----- Material provided -----

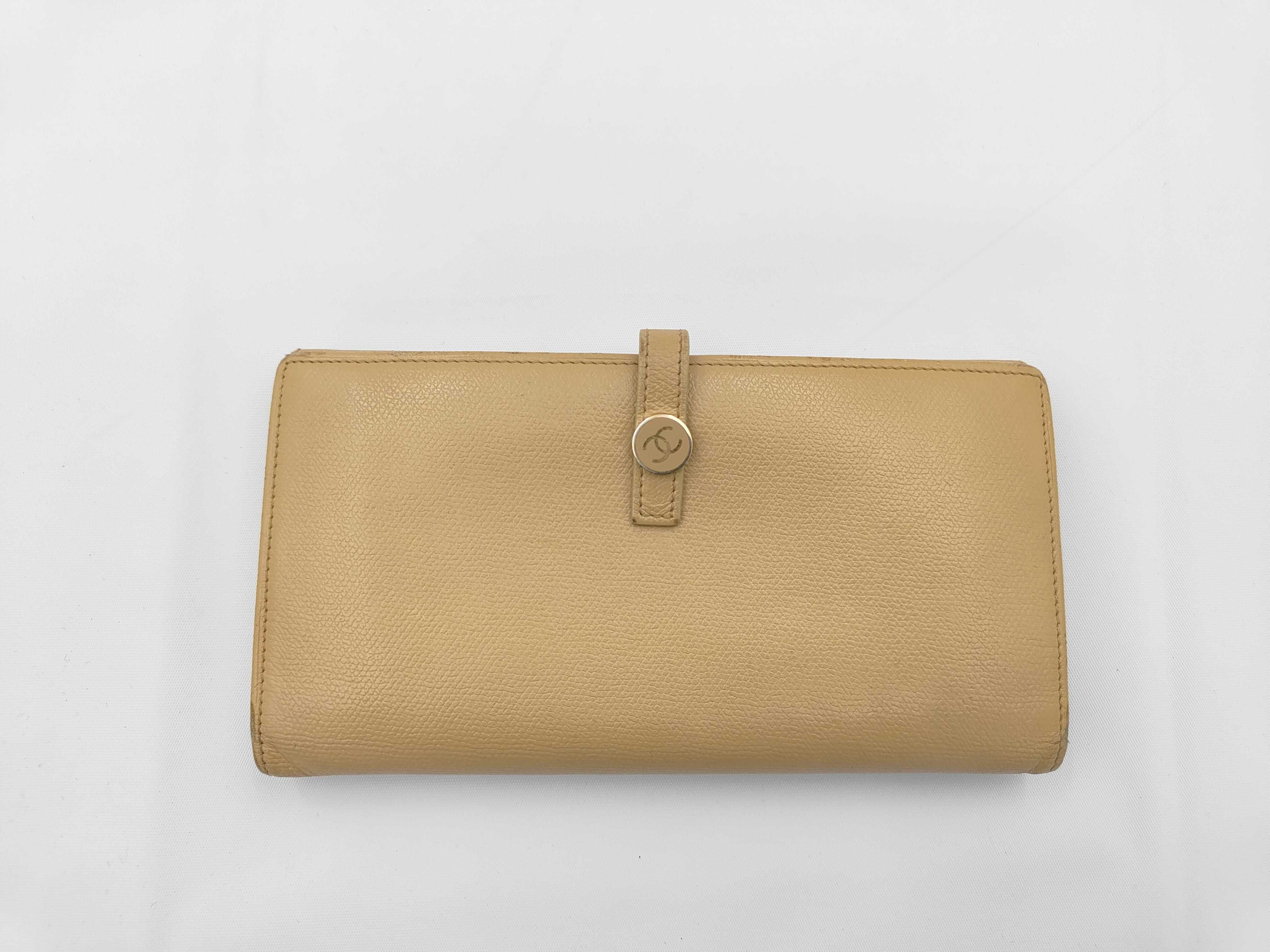 Coco Button Long Wallet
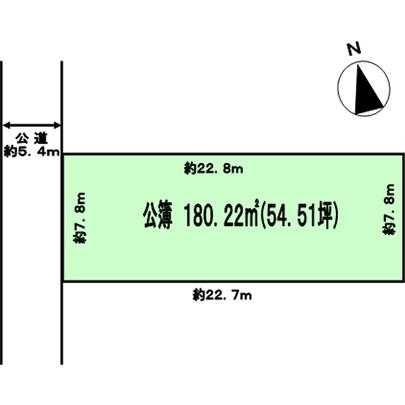 Compartment figure. Musashino-shi, Tokyo Kichijojihigashi-cho 1-chome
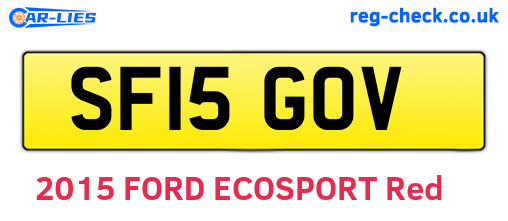 SF15GOV are the vehicle registration plates.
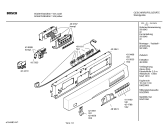 Схема №3 SGS57E02GB с изображением Передняя панель для электропосудомоечной машины Bosch 00439496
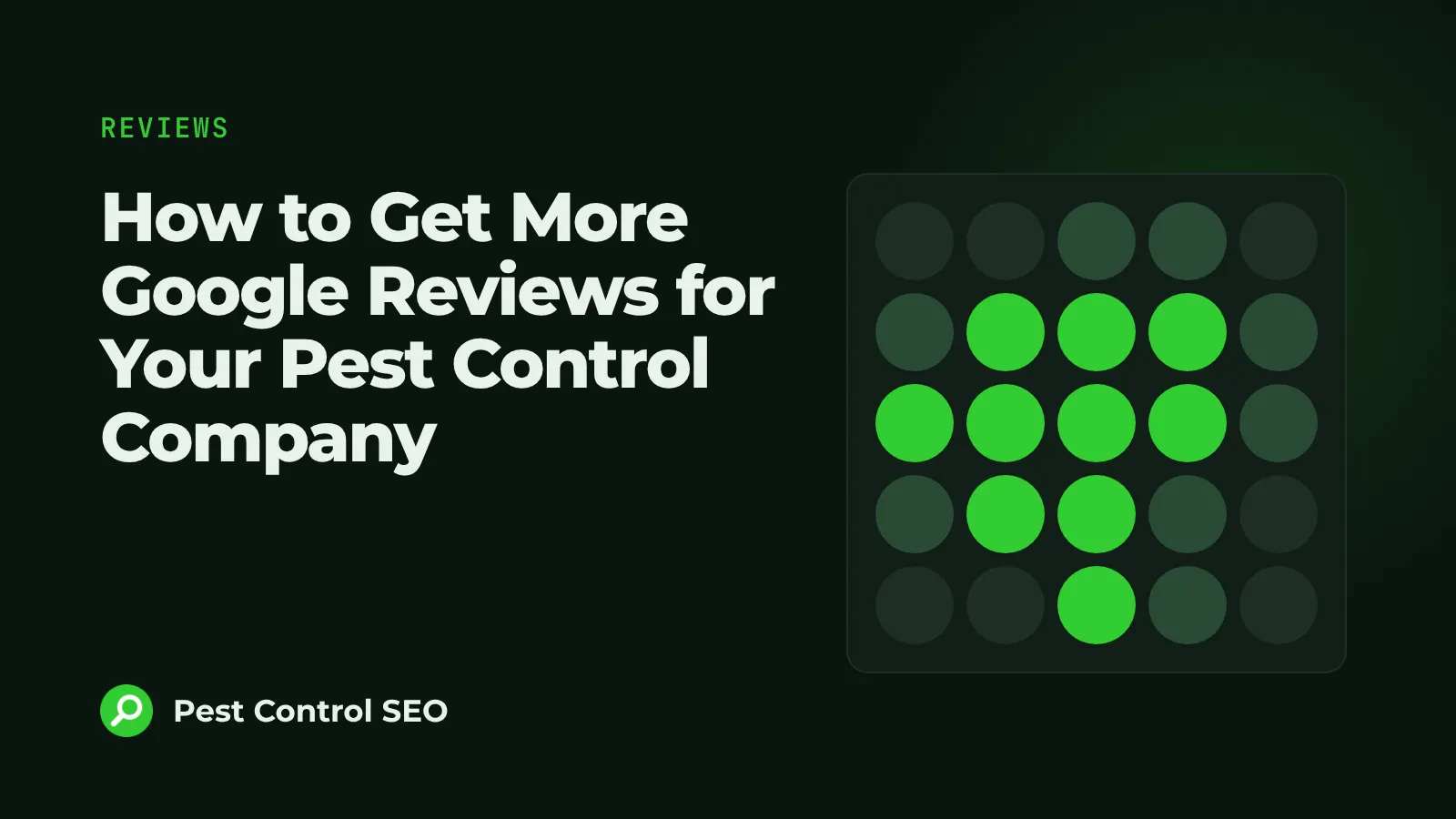 Pest Control SEO cover graphic with the post title and a map grid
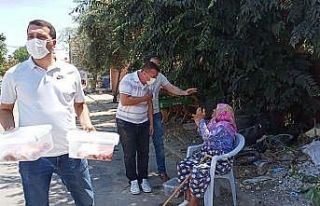 Ödemiş’te bin aileye kurban eti dağıtıldı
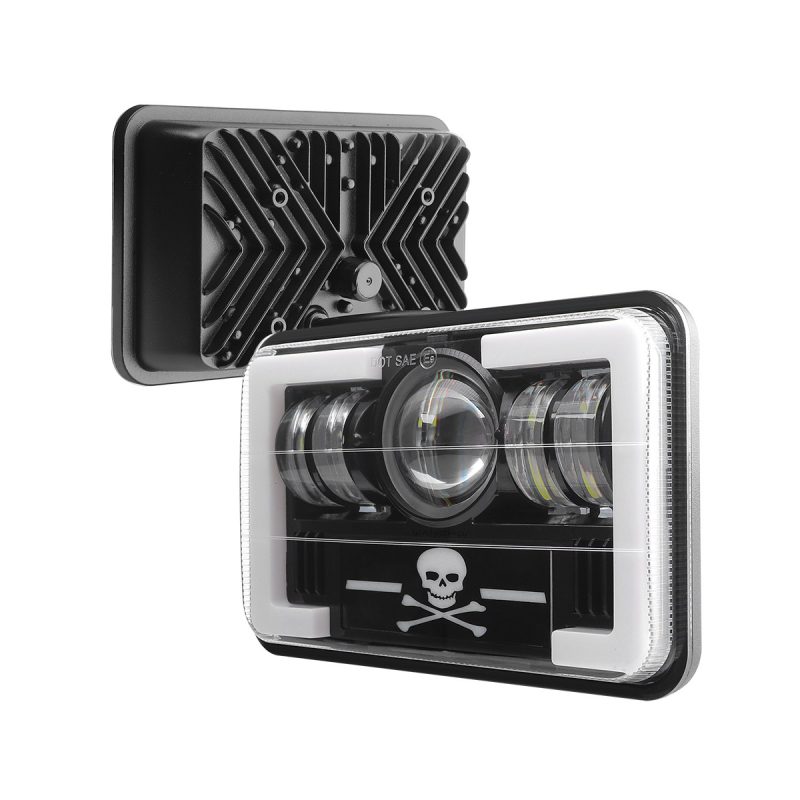 T-Pattern Graphic 7 Inch Square LED Headlight product detail reference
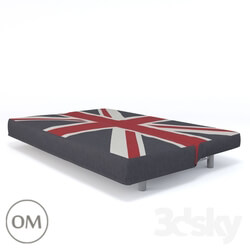 Sofa - Sofa URBUM British flag _the position of the bed_ 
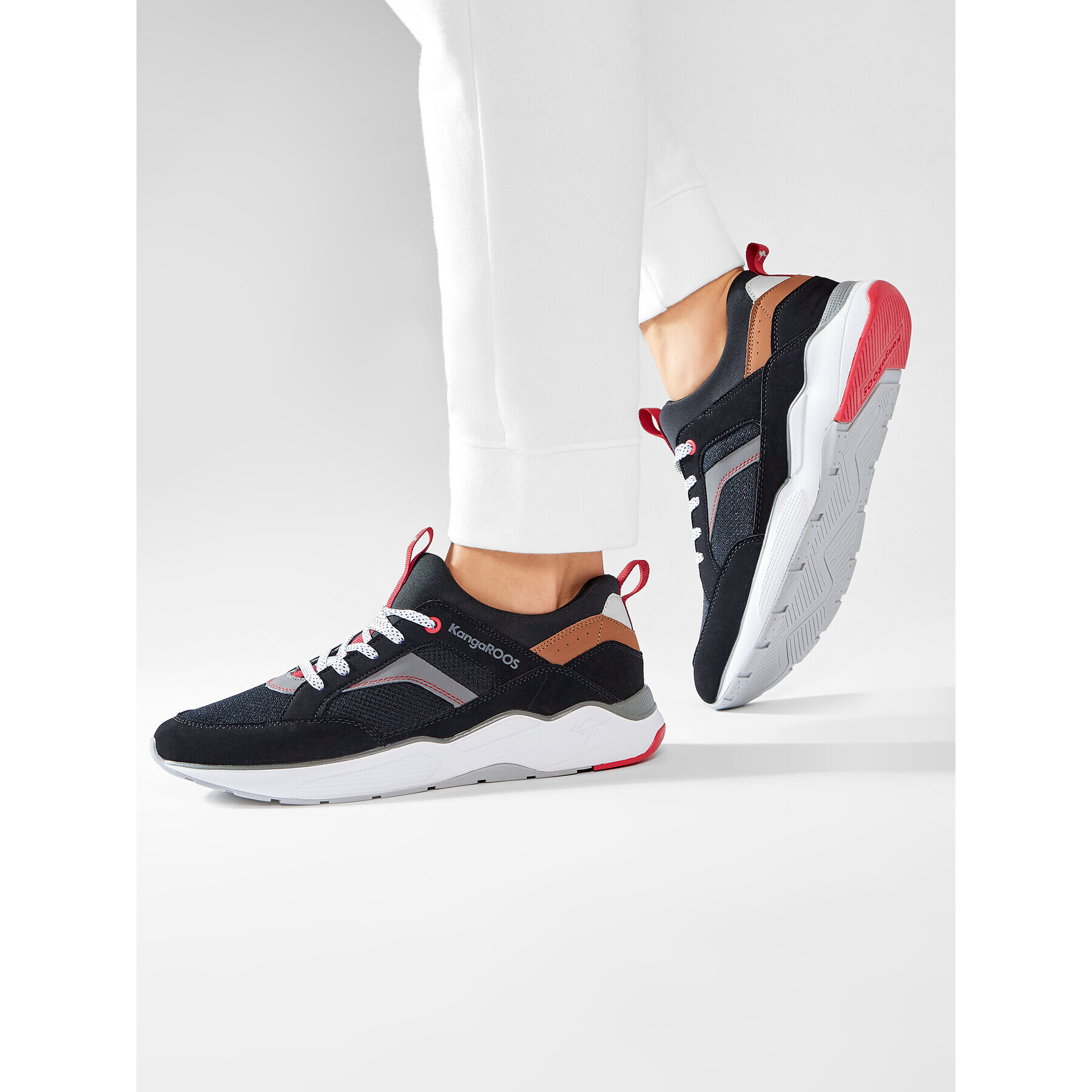 KangaRoos Сникърси Ko-Smart 79174 000 5003 Черен - Pepit.bg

-----

The task
Copy only these lines from the records above, exactly: the one with "Compartment figure. Musashino-shi, Tokyo", the one with "Sofa - Sofa", and those between. Skip the pictures.

Answer to the problem
 Compartment figure. Musashino-shi, Tokyo Kichijojihigashi-cho 1-chome
 SF15GOV are the vehicle registration plates.
 Схема №3 SGS57E02GB с изображением Передняя панель для электропосудомоечной машины Bosch 00439496
 Pest Control SEO cover graphic with the post title and a map grid
 Ödemiş’te bin aileye kurban eti dağıtıldı
 T-Pattern Graphic 7 Inch Square LED Headlight product detail reference
 Sofa - Sofa URBUM British flag _the position of the bed_ 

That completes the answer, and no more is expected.